6MP is an active metabolite of azathioprine, clinically used in chemotherapy and immunosuppression. Despite, the efficacy of 6MP in treatment, it has cytotoxic effect on normal body tissues [28, 29]. Our study insight into 6MP gonadotoxicity and infertility problems and the effect of RJ as a prophylactic agent through studying changes in sperm parameters and seminiferous tubules.

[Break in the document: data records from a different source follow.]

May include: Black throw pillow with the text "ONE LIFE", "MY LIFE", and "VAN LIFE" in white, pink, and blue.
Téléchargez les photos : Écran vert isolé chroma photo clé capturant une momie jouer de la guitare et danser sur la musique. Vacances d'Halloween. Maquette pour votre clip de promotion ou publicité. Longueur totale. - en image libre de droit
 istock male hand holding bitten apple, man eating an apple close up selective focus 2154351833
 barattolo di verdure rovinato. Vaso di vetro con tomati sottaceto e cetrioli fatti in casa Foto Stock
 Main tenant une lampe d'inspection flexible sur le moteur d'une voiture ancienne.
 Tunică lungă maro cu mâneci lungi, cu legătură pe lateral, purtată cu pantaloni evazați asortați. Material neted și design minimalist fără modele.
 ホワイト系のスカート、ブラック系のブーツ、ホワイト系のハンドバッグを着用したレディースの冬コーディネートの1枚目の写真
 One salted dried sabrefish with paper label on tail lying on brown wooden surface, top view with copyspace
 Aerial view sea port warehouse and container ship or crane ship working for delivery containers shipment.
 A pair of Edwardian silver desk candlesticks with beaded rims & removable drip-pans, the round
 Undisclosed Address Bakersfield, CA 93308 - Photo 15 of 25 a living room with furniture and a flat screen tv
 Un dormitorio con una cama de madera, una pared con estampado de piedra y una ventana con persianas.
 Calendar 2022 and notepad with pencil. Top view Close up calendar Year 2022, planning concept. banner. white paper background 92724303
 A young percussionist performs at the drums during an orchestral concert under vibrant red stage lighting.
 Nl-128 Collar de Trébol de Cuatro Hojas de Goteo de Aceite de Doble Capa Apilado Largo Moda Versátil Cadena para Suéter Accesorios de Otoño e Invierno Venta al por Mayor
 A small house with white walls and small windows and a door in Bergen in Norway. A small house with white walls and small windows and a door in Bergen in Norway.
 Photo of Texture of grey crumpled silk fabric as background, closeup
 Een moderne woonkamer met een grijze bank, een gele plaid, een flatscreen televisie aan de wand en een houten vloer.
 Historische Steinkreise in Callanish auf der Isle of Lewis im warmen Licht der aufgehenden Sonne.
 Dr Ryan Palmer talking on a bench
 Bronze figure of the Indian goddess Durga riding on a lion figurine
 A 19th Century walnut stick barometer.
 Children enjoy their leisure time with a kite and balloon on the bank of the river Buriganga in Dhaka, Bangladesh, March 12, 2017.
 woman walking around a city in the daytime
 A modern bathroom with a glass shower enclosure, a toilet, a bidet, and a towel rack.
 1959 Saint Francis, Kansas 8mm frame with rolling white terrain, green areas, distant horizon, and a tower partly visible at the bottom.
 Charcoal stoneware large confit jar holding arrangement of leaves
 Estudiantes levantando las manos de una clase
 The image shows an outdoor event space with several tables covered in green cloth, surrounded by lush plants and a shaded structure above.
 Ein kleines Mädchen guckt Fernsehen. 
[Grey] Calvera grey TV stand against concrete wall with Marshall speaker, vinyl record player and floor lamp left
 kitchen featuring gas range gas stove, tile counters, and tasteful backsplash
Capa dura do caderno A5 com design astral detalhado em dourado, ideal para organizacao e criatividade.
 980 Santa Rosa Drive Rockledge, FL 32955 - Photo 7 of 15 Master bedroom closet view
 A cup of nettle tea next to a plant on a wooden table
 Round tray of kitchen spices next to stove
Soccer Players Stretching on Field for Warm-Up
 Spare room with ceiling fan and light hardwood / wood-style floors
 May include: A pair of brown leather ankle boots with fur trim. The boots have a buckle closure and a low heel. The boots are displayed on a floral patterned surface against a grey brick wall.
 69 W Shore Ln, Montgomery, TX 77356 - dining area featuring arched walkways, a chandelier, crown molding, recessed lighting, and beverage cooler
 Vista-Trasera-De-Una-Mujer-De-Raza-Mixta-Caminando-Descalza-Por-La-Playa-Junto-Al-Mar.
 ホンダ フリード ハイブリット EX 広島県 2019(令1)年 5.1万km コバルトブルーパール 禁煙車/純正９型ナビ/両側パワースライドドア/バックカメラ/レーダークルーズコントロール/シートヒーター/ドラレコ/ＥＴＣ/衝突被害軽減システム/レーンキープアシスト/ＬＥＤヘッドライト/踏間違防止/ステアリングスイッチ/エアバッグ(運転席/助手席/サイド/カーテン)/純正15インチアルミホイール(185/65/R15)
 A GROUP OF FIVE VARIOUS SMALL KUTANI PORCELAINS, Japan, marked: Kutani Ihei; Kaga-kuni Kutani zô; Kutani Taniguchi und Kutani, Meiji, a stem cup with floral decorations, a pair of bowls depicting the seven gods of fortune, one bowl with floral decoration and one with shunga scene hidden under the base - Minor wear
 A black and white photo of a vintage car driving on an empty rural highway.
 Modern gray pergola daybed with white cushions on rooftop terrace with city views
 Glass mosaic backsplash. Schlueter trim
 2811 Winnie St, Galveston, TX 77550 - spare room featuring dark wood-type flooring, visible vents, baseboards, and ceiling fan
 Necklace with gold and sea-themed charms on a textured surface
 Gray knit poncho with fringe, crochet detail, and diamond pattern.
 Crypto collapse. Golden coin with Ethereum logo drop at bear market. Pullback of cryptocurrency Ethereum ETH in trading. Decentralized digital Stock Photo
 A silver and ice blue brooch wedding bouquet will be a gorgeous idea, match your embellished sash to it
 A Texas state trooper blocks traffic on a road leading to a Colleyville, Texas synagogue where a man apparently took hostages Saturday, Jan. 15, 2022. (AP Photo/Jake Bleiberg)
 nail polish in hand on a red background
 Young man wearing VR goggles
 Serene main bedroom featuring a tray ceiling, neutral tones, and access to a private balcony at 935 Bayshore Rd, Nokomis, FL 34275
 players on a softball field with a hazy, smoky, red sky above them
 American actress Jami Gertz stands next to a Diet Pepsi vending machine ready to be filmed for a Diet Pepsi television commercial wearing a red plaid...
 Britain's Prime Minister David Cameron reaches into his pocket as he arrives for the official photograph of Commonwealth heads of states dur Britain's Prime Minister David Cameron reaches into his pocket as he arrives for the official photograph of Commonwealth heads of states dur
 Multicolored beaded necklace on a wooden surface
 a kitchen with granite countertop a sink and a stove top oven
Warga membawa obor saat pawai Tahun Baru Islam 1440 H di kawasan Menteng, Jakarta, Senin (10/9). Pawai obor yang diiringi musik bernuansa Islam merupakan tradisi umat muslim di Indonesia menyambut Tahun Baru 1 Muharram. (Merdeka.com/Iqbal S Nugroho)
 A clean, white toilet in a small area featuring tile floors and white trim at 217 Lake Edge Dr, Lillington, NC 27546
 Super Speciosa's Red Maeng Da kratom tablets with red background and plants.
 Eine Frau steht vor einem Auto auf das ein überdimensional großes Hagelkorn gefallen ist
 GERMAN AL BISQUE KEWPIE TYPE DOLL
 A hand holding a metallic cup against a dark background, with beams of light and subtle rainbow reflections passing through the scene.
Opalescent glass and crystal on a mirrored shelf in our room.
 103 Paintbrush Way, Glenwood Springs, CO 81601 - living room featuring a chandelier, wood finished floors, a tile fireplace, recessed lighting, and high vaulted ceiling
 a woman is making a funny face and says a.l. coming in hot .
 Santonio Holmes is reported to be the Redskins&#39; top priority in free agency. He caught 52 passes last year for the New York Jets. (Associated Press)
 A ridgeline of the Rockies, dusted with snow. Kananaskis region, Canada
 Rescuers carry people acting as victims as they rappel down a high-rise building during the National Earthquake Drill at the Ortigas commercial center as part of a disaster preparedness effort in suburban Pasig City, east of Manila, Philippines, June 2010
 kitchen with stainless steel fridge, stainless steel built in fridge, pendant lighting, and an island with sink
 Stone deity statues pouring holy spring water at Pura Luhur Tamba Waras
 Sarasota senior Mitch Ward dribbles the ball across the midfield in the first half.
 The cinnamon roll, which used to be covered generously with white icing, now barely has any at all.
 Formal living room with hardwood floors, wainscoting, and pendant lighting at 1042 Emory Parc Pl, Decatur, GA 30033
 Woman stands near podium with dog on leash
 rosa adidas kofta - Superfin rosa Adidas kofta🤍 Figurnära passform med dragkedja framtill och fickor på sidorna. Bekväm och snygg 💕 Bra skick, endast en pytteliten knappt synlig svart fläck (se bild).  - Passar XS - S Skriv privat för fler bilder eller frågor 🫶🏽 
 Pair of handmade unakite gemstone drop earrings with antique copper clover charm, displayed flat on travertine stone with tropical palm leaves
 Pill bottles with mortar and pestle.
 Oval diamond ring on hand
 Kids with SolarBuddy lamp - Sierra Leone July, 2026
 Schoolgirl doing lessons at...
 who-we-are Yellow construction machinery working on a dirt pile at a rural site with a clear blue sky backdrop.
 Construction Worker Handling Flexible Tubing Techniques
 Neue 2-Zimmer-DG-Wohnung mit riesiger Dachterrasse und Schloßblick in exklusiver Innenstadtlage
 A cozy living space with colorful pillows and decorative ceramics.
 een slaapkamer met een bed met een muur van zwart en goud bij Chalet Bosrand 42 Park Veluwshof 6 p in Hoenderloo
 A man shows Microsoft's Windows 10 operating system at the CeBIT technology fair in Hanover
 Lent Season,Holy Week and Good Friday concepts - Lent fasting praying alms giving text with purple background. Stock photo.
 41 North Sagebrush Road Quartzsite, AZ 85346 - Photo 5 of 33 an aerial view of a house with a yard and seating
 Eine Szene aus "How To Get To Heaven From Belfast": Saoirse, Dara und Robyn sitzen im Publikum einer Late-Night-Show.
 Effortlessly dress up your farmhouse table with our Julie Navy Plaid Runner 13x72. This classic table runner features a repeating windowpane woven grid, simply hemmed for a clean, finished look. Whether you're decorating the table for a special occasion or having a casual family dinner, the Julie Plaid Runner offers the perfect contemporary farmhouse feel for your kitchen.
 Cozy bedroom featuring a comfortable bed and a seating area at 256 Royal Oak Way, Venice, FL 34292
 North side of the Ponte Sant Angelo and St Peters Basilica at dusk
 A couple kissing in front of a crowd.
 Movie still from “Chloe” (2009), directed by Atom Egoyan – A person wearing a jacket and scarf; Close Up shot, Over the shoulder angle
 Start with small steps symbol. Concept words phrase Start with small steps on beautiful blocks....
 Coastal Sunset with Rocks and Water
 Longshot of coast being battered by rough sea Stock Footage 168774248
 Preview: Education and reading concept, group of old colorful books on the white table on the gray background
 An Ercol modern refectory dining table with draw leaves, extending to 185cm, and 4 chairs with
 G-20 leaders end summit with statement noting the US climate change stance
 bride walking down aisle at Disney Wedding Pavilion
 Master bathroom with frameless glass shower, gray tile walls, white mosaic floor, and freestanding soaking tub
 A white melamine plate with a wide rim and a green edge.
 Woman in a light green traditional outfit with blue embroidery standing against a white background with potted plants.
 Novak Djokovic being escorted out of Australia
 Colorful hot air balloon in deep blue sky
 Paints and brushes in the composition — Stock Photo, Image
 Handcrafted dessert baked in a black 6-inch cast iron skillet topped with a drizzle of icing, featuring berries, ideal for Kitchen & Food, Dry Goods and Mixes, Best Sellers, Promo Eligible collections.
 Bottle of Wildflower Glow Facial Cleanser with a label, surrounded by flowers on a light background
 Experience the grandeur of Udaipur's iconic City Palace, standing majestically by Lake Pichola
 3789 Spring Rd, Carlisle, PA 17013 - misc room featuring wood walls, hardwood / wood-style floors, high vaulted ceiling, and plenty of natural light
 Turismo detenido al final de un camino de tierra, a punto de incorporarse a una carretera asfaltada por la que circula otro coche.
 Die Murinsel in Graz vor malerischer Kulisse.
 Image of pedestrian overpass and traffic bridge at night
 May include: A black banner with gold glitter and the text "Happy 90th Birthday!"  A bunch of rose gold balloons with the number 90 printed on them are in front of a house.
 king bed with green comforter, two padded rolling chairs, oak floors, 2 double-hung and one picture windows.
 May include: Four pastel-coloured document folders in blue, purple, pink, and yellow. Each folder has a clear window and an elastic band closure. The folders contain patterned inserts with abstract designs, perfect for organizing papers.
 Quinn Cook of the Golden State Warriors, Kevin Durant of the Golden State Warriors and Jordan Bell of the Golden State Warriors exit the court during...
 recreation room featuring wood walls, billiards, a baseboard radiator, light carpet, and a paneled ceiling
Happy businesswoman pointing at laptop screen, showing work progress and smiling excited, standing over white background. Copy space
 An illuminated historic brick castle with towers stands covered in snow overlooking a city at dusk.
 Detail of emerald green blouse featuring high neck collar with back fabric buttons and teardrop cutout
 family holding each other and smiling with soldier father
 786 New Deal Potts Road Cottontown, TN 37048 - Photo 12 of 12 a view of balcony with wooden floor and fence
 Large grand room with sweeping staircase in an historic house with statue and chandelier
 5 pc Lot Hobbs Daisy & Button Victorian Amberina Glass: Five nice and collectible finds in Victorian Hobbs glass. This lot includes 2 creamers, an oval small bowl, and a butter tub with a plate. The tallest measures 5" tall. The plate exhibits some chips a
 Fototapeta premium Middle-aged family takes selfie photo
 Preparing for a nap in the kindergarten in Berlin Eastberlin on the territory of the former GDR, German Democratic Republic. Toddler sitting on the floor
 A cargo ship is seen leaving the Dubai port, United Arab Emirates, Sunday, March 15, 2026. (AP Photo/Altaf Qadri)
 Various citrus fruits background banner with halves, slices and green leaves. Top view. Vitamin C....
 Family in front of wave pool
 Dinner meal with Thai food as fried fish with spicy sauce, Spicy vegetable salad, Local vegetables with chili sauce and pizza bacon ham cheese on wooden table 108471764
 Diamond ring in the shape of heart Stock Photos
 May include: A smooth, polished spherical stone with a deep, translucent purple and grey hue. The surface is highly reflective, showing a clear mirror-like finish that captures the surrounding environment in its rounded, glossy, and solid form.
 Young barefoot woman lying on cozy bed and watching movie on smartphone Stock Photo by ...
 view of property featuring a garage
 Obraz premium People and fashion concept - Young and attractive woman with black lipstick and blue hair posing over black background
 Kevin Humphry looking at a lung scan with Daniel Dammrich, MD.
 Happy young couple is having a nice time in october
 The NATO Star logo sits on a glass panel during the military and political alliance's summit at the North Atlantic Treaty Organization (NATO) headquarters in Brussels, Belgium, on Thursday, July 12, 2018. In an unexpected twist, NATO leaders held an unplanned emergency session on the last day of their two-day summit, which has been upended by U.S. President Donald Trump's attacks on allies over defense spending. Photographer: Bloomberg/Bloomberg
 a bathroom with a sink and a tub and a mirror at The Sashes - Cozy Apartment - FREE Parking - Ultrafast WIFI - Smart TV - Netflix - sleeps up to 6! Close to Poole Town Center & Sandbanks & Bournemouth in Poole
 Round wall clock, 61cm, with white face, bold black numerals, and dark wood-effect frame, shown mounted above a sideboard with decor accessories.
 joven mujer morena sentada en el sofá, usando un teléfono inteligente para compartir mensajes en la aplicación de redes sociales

It is reported that the active metabolites of 6MP damages rapidly dividing cells, such as those in the bone marrow, intestinal epithelium, and reproductive organs of adults [30]. The reduction of the testicular and epididymal weight in 6MP treated rats indicated its obvious gonadotoxic effect. This effect was confirmed by the histological study of testicular tissues which showed a severe atrophy of many seminiferous tubules with wide interstitial spaces, few numbers of spermatozoa and spermatogenic cells, also morphology distortion and atrophy of Leydig cells. In agreement with our results, Karawya et.al; reported that azathioprine induce testicular atrophy, histological distortion and impair spermatogenesis in male albino rats [31].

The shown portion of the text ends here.